Paul is very abrupt in style in verses 7 – 12. His thought jumps from subject to subject, not stopping to insert links of connection. He says that the Galatian Christians were ‘running well’ – elsewhere he likens the Christian life to athletes running a race in order to win the prize and he says that they were doing well, but then he asks, ‘Who, not being persuaded of the truth, cut in?’ Who, as it were, knocked them sideways so as to lead them to take another route? In turning back to the written codes of the Sinai Covenant, the Galatian Christians have persuaded themselves. What they are holding to is not from out of their calling by God. The belief that it is necessary to obey the laws of Moses and blend the observance of Jewish law with Christian teaching in order to be delivered and maintain a godly life, cannot be traced to God, even though those who are teaching it pretended to be commissioned by Him. Those who are wayward in the fellowship may be few, but they will soon ruin the whole assembly, because a small portion of legalism, if mixed with the Gospel, corrupts its purity and undermines the whole. Though they had been led astray and had embraced many false opinions, yet, on the whole, Paul had confidence in them and believed they would yet return and embrace the truth, as Paul had taught it. 


‘But the one disturbing, troubling and agitating you…’. Paul seems to have a particular individual in mind, perhaps the leader of the false teachers who was causing the most mischief among them. This agitator had unsettled the minds of the Galatian Christians and caused them to halt between two mutually exclusive Covenants, Moses and the Messiah, law and Gospel, and divine approval attained by working to observe the law or by means of the atoning sacrifice of the Messiah. Paul says that this individual ‘will carry the judicial decision, whoever he is’. Whoever endeavoured to lead them astray, whatever their status, God will reward them according to their behaviour. They will carry the consequences of God’s judicial decision. 


‘Now brothers…’. Another abrupt transition by Paul. It may well be that Paul had at one time seemed to preach, or at least permit, circumcision.
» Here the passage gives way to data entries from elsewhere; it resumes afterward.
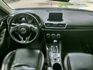Mazda Mazda3  第7張縮圖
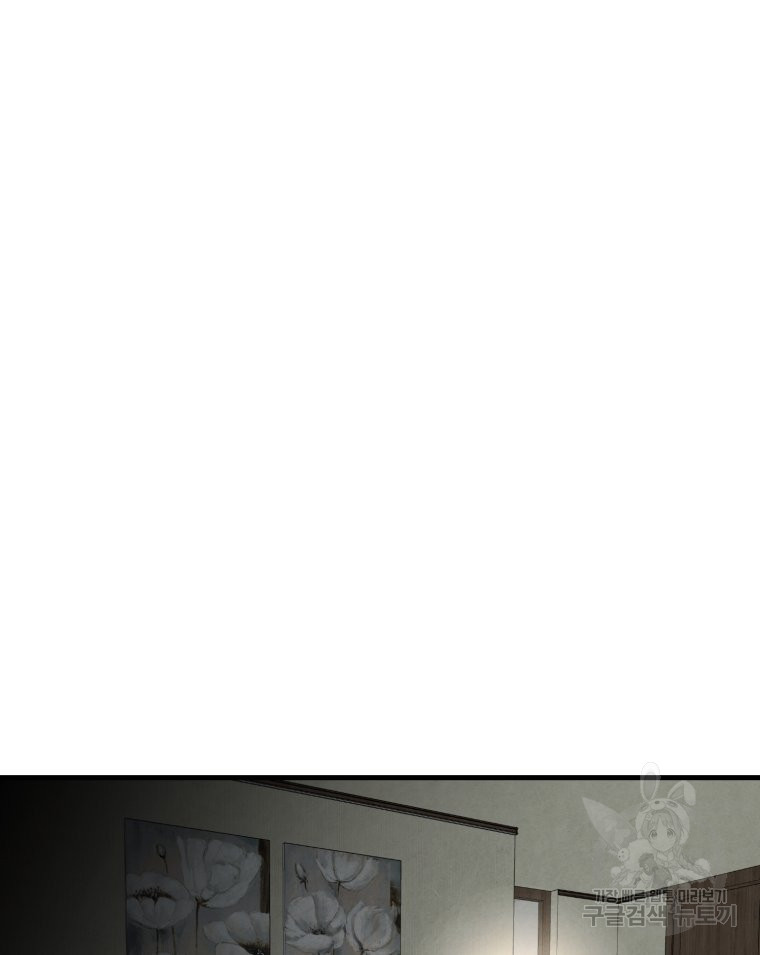 1701406853_90363758559206.jpg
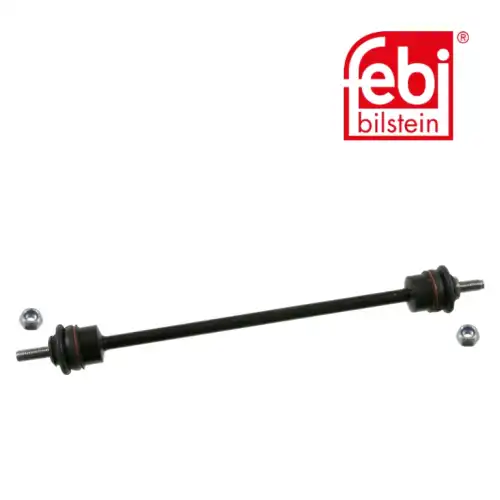 Тяга стабилизатора FEBI 18427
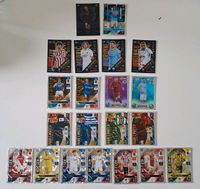 Topps Match Attax Champions League 2022 23 Sonderkarten Rheinland-Pfalz - Mainz Vorschau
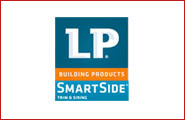 SmartSide by LP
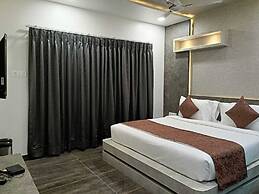 The Fern Residency Porbandar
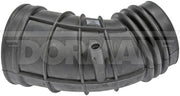 Dorman 696-006 2003-2006 BMW 325Ci Engine Air Intake Hose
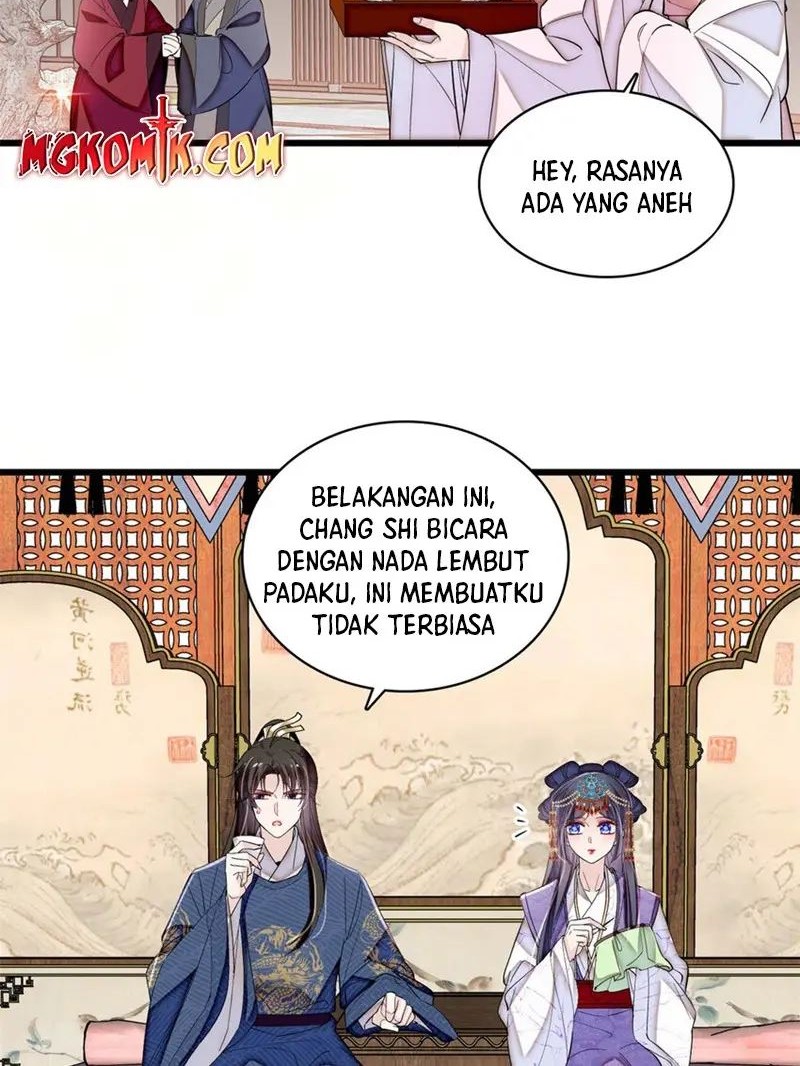 Sijin Bab 329 halaman 6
This may have arisen from the fact that he had circumcised Timothy, (Acts 16 v 3) ‘on account of the Jews in that area, for they all knew that his father was a Greek’. This would have been so that the Jews did not immediately reject Timothy as he and Paul sought to announce the gospel to them. It was done to avoid the opposition and reproaches of the Jews. But Paul did not want any misunderstanding. He was not teaching that male Gentile Christians had to be circumcised. Paul had never complied with Jewish customs where there was danger that his behaviour would be understood. He did not want people to think that he regarded such customs and laws indispensable, or as furnishing a basis for divine approval. The fact that Jews are still persecuting me, he says, is full demonstration that I am not regarded as teaching the necessity to be circumcised. Circumcision is the special badge of Jewish religion; it implies all the rest, and if I preach the necessity of it, then this would satisfy the Jews and save me from persecution. But if I teach the necessity of circumcision, as alleged, then the cause of stumbling for Jews, the cross, is removed - ‘If you let yourselves be circumcised, the Messiah will be of no value to you at all’, (Galatians 5 v 2). It is because I preach the Messiah crucified, and not Mosaic law as the sole basis of divine approval that they persecute me.


Paul says, ‘I am so far from agreeing with them, so far from preaching the necessity to be circumcised, that I sincerely wish that they were excluded from the assembly, as being unworthy of having a place among the children of God’.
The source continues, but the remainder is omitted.